Plachimada has become a symbol of ecological and social justice in times of a predatory and extractive economy stealing the last drop of water, the last seed, and the last inch of land from the poor. Mylamma and her courageous sisters undertook a Satyagraha to stop the water theft by Coca-Cola, and they shut down the plant. I was privileged to have been able to offer solidarity for this historic struggle.

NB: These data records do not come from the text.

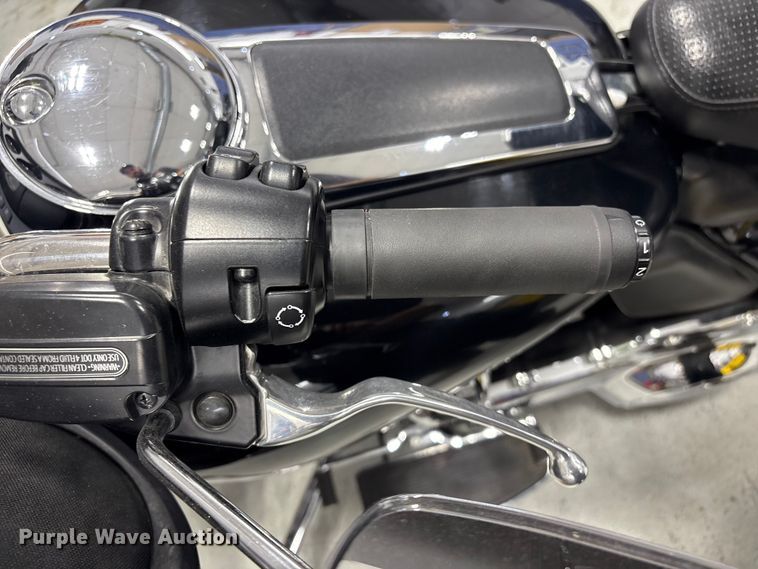 image for item EV2982 2021 Harley-Davidson Police Electra Glide motorcycle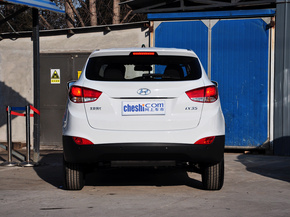 北京现代  改款 GL 2.0L 自动 车辆正后方尾部视角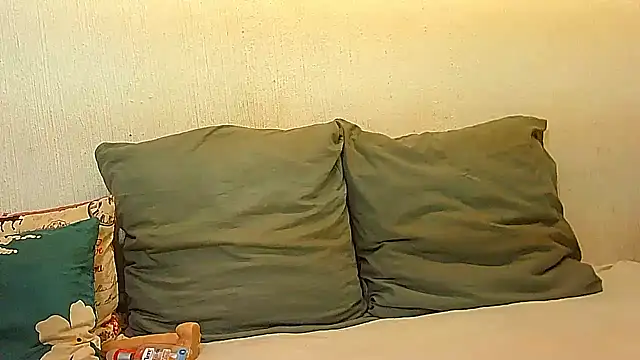 BrunetteNaomi8 online show from 05-01-26, 09:08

But there will be true justice for Plachimada when the Plachimada Coca-Cola Victims Relief and Compensation Claims Special Tribunal Bill 2011 unanimously passed by the Kerala Assembly gets Presidential consent. Corporates have to be stopped from stealing people’s resources. They must also pay compensation for the social, ecological and health damage they have caused. It is a tragedy that even after five years this important Bill has not got Presidential assent. Since the state has a duty to protect the Right to Life of citizens under Article 1 of the Constitution, Kerala should go ahead and implement the Bill.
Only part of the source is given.